Lung Volume Reduction
Another innovation pioneered by the Barnes-Jewish and Washington University thoracic surgery team is the lung-volume reduction surgery
. This procedure is designed to help emphysema patients breathe more easily. Approximately 400 patients have undergone this procedure since the program was started in 1993, making this one of the most active lung volume reduction surgery programs in the country—and one of the few programs certified as a center of excellence by the Joint Commission.
Pulmonologists and thoracic surgeons see 500 lung cancer patients annually at the Siteman Cancer Center, the highest quality center of its type within 240 miles of St. Louis. Surgeons work together with medical oncologists, radiologists, radiation therapists and others to perform complex resections, video-assisted lobectomies, sleeve lobectomies and other advanced procedures. All our surgeons have broad expertise in lung-sparing surgery for lung cancer.
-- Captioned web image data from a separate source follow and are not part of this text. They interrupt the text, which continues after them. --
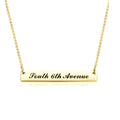 Gold Plated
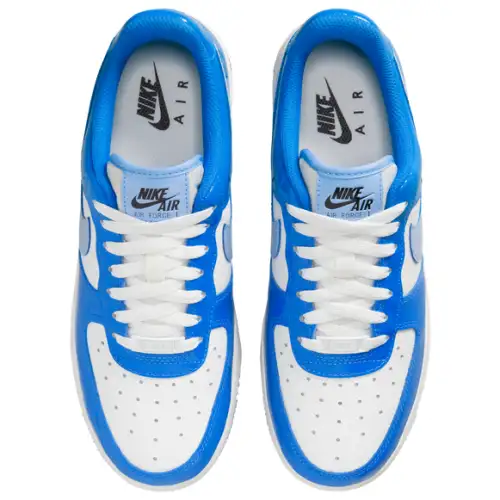 Nike Air Force 1 '07 Women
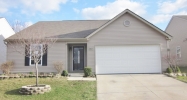 8637 Swartz River Dr #18 Fowlerville, MI 48836 - Image 3467836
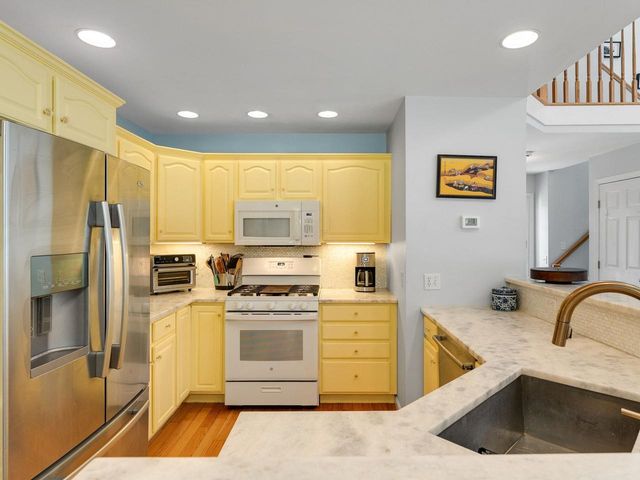 31 Audry Lane, Westford, VT 05494
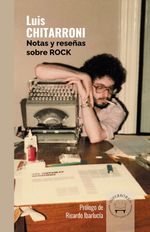 2KQx7nTZTgbK88btQT6XA4awXxg=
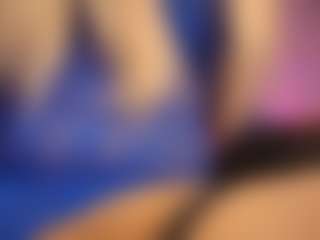 Stephy Moon 🌸's Live Sex Cam Show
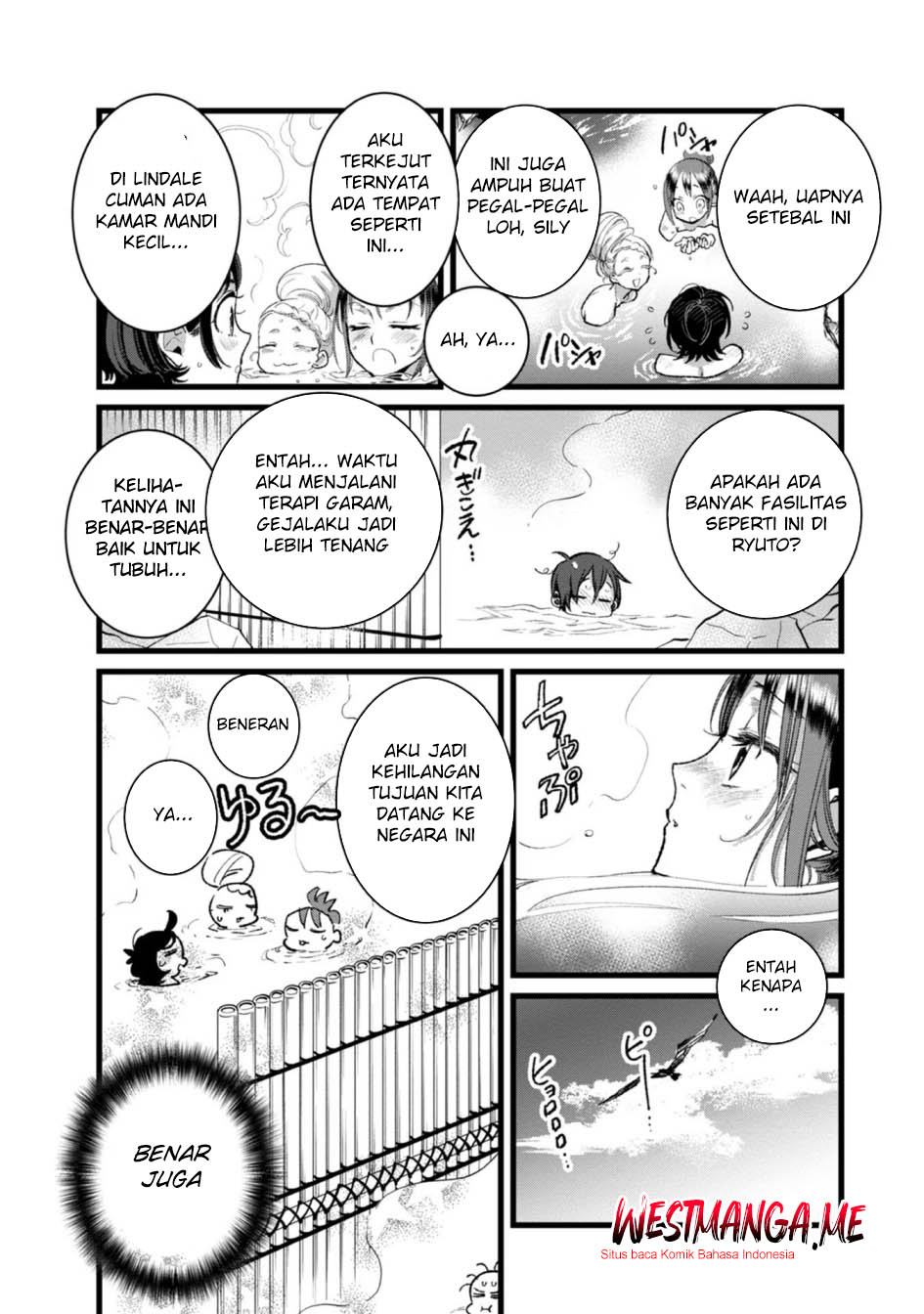 Chapter 27 - halaman 23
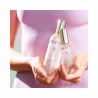 Caudalie Agua de Belleza 30ml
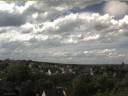 Vorschaubild von 05.05.2026 13:46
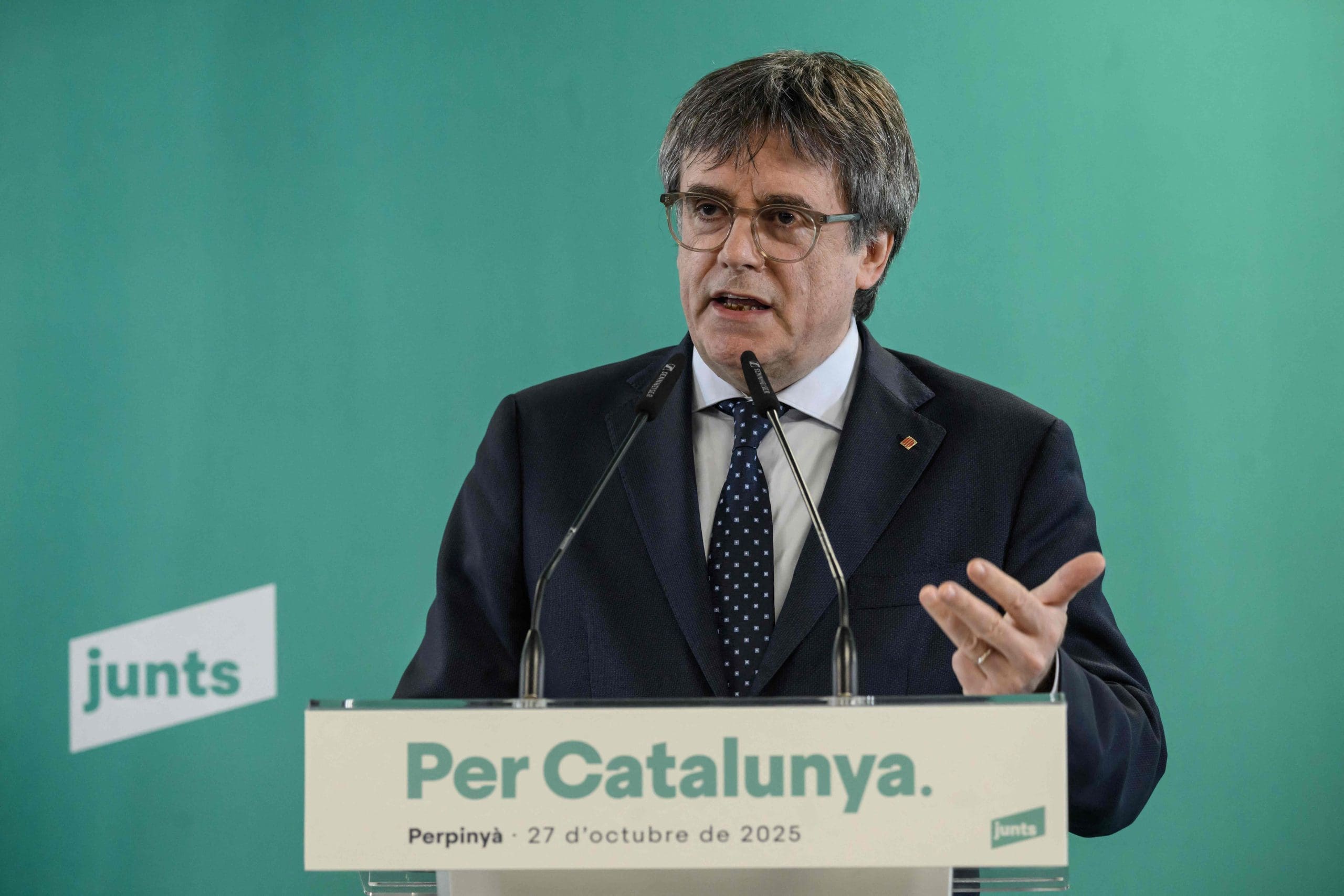 découvrez l'affaire du procureur espagnol condamné pour violation du secret judiciaire, une affaire qui soulève des questions cruciales sur la confidentialité dans le système judiciaire.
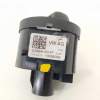 MANDO LUCES 5G0941431AF 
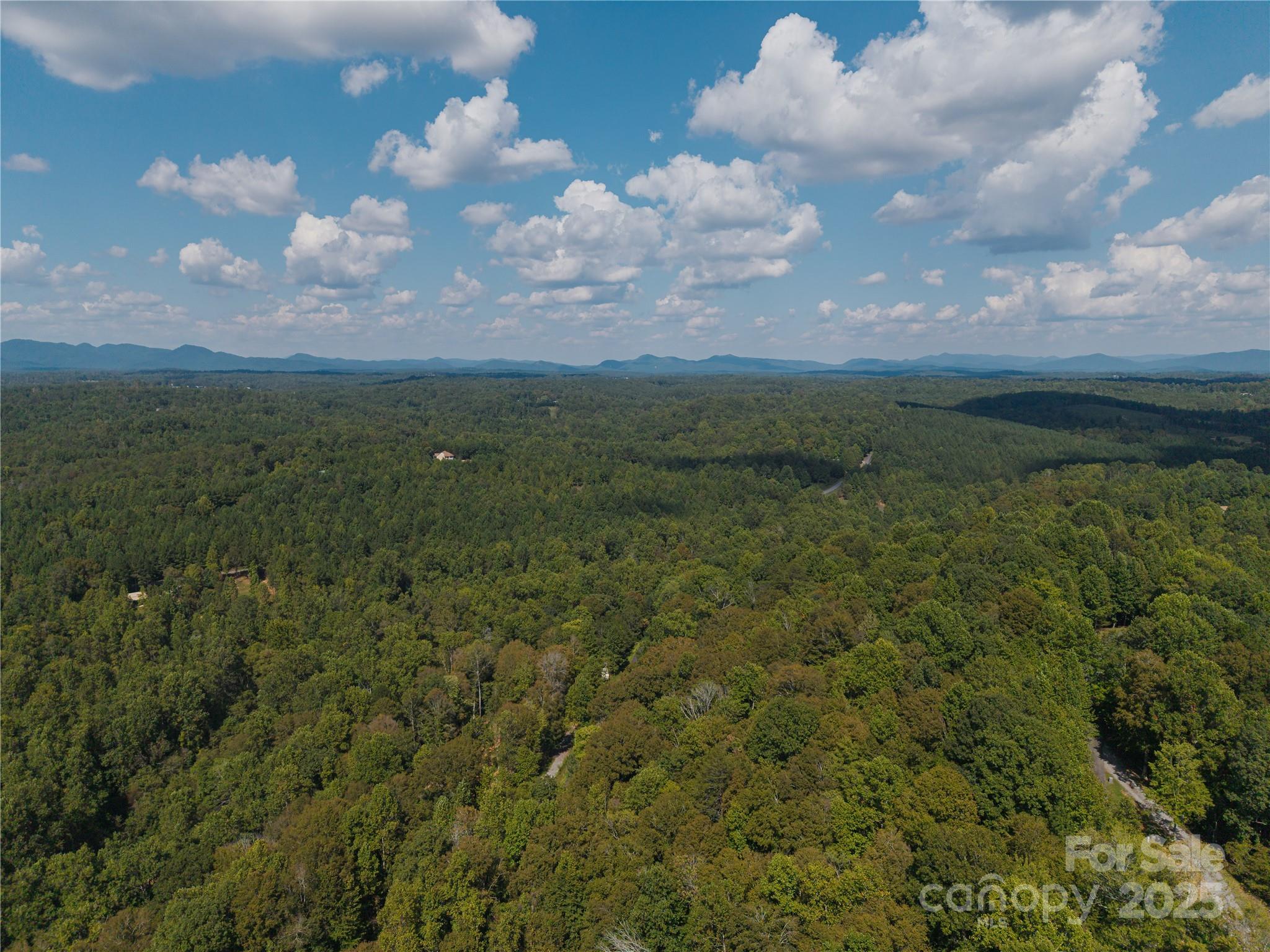 0 Creekside Circle, Unit 135 Rutherfordton, NC 28139 - Photo 5 of 7 a view of a city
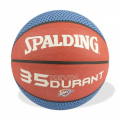 Piłka koszowa Spalding Playerball Kevin Durant #7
In 1999, The Lung Center at Washington University School of Medicine became one of only approximately two dozen facilities throughout the United States to offer photodynamic therapy (PDT) for the treatment of selected pulmonary and esophageal cancers. In Missouri, The Lung Center is the sole provider of PDT to treat selected pulmonary tumors and one of only two centers to treat selected esophageal tumors with PDT. In PDT, intravenous medication is administered, then followed two days later by non-thermal laser light therapy. PDT selectively kills tissue without the side effects of chemotherapy or radiation.